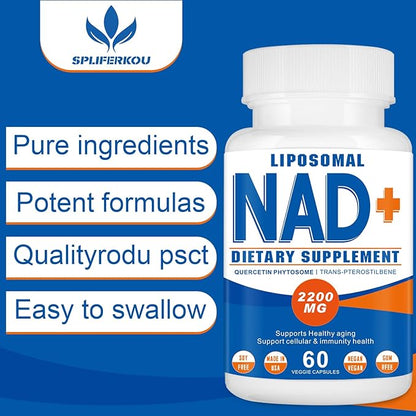 2200mg Liposomal Nad+Supplement,Nad Supplement with Resveratrol+Berberine,Nicotinamide Adenine Dinucleotide,Enhances Mitochondrial Function Old, Contributes to Heart Health, Anti-Aging 60 Capsules(2)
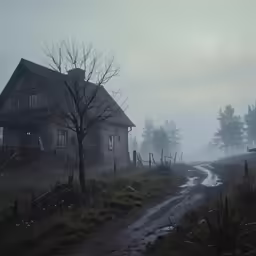 an old country house in the fog and rain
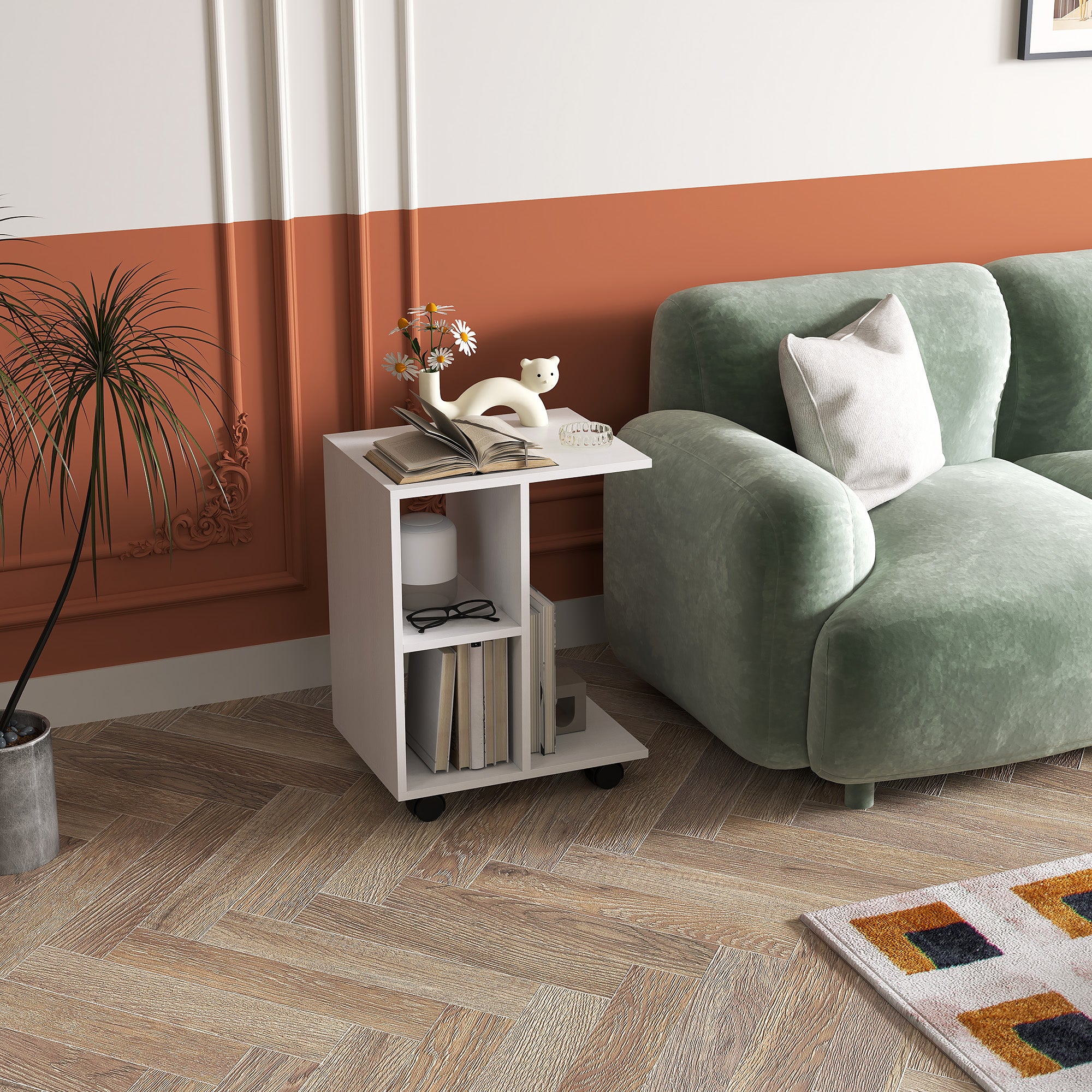 C-shaped Side Table Portable with Wheels 45 x 35 x 58 cm, White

▸ **What you have to do**
Aside from its pictures, the listing must be given again in full, exactly as it appears.

▸ **Exercise answer**
 2200mg Liposomal Nad+Supplement,Nad Supplement with Resveratrol+Berberine,Nicotinamide Adenine Dinucleotide,Enhances Mitochondrial Function Old, Contributes to Heart Health, Anti-Aging 60 Capsules(2)
 an old country house in the fog and rain
 C-shaped Side Table Portable with Wheels 45 x 35 x 58 cm, White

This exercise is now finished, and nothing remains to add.